Teaching classes or running meetings online aren’t great, but this technology is one that I hadn’t yet heard of that could help people feel more included online. Thanks for the time you have spent finding a solution and helping others also find technology that helps them connect to their members!
Tianna Rivera (Martin Luther College (MLC)) 2022-11-07 1:20:45pm

I really liked the Idea of using this device in a meeting. While we of course want to be together when we can, that is not always humanly possible, and this device can make those meetings so much better. I can see this being used in our churches for bible studies, Elders' meetings, Voters' meetings, and so much more. In times when we are sometimes separated by distance or sickness, this is a wonderful tool that we are blessed to have. I really liked how this device focuses on who is talking while still providing the whole 360-degree view at the top. That is a really useful feature.
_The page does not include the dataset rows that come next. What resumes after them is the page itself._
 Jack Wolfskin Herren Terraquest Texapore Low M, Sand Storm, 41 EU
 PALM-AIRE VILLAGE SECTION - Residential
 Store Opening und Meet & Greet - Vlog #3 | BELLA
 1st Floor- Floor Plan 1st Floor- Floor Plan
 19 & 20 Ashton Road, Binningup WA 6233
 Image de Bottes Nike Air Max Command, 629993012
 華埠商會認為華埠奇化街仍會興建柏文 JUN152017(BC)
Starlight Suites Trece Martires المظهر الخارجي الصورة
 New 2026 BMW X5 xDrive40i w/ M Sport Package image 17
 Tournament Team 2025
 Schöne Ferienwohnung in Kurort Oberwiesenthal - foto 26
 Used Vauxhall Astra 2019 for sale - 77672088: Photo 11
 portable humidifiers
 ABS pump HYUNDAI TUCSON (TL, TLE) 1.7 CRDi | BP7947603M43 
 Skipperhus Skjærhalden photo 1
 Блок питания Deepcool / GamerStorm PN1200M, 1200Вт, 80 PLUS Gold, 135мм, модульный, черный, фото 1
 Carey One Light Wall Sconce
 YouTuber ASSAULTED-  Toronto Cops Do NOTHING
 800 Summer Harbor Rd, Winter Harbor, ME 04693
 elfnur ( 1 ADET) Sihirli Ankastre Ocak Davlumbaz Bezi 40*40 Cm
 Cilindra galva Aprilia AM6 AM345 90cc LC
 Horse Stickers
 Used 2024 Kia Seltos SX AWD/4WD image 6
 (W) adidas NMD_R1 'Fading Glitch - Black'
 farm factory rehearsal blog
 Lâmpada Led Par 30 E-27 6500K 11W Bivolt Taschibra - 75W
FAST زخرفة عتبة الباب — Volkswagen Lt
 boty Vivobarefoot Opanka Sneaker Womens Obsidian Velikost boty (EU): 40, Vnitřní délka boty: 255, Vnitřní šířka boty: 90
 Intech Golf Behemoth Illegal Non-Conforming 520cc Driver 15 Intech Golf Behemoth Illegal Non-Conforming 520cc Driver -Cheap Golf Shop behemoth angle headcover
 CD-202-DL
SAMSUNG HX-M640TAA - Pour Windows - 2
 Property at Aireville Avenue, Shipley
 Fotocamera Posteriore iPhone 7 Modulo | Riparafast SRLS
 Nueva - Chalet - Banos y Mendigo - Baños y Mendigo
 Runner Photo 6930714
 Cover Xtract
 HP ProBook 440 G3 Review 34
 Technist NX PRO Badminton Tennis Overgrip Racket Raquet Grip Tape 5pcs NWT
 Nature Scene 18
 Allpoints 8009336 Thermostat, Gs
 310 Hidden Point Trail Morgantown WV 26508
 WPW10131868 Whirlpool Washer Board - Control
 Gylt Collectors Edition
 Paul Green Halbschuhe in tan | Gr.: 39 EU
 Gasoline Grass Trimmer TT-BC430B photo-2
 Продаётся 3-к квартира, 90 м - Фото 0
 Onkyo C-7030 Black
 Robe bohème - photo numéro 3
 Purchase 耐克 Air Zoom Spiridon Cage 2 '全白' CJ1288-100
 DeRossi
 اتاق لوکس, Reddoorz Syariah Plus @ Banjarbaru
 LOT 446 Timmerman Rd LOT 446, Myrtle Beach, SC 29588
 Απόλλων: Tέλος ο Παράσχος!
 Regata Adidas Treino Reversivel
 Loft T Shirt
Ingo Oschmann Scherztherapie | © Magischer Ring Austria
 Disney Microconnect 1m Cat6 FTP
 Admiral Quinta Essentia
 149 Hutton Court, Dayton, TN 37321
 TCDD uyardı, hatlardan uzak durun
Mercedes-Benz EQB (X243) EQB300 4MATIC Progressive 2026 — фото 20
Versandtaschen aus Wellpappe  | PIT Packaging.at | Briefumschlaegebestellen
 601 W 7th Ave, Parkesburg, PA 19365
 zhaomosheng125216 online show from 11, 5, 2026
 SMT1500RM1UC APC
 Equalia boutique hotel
Your piece got me thinking about how such a resource might be used beyond meetings and distance worship. I feel certain there are other applications that will come to light as we get more familiar with the potential. Pastor Moldstad mentioned personal counseling in the postings above - I wondered if you, an experienced user, had an opinion about the advantages and challenges that might accompany using this device for counseling.

Thanks for sharing this awesome tool and your experiences utilizing it.

Macie VanDenHeuvel (Martin Luther College (MLC)) 2022-11-07 1:27:03pm
Pastor Wiechmann,

Just over halfway into my sophomore year my high school went completely remote due to covid. With the struggle of not being able to meet as a whole group, some challenges began to arise. The school work and activities just would never be the same as in person. This is quite similar to your story of having bible class online but the communication was not quite all there because of not having the connections with people in person.

I do agree that the creation of the meeting owl is a cool, unique tool that allows for it to feel like you are there in person. You mentioned in your article that people join in conversation more when they can see the whole room instead. What have you found to be the biggest challenge of negotiating a Bible study where some folks are present in person and some people are attending digitally?

Thank you again for discussing how you can create a way for everyone to be seen and heard in bible classes whether online or in person.
Ben Wiechmann (Peace Lutheran Church) 2022-11-08 8:43:33pm
Honestly for me, the hardest part is recognizing or knowing when someone at home wants to say something. In person, you have non-verbal cues that someone has something to add, but with a mixed crowd, not only does the person have to raise their hand, but I have to be also constantly checking the screen at regular intervals to notice them. So it's a learned skill, I suppose, but one I'm not great at yet.